Note, however, that equal division does not mean each party gets exactly half of each property. This will be quite difficult, especially if the divorce involves business interests and intangible items like stocks and bonds. Instead, there will be a valuation of all marital properties and each spouse will get an equal share of the total value of all assets.
Will it always be equal?
While California courts generally follow the community property division of assets, they do not prevent parties from dividing properties by agreement, even if the division is unequal. Some couples have a prenuptial agreement outlining which asset and debt belongs to each party. As long as the prenup is valid, the courts will uphold its terms.
Divorce parties can also agree on property division through a private settlement.
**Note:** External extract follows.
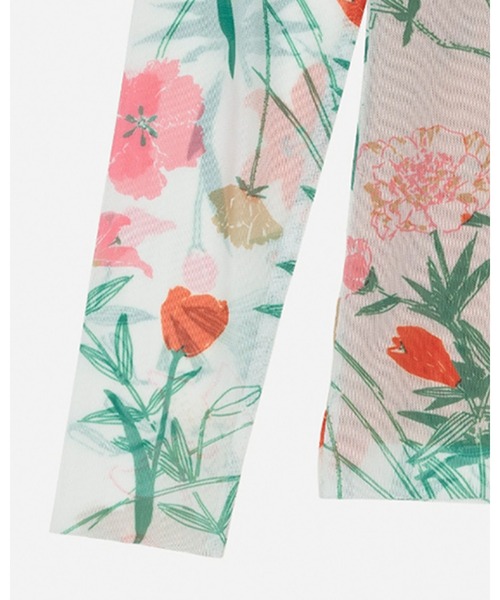 セール】Varitys Perenna / tricot jersey top（Tシャツ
Many parties opt for alternative dispute resolution methods, such as mediation and negotiation, because of their cost-efficiency and time-saving benefits. Once the court reviews the agreement and finds that it is fair and protects both parties’ rights, it will execute the terms to divide the marital assets.
It is easy to get lost in the maze that is property division. Especially if multiple properties are involved, parties may find it difficult to navigate through the process. Making use of available resources and consulting with a legal professional can help divorce parties ensure the protection of their rights.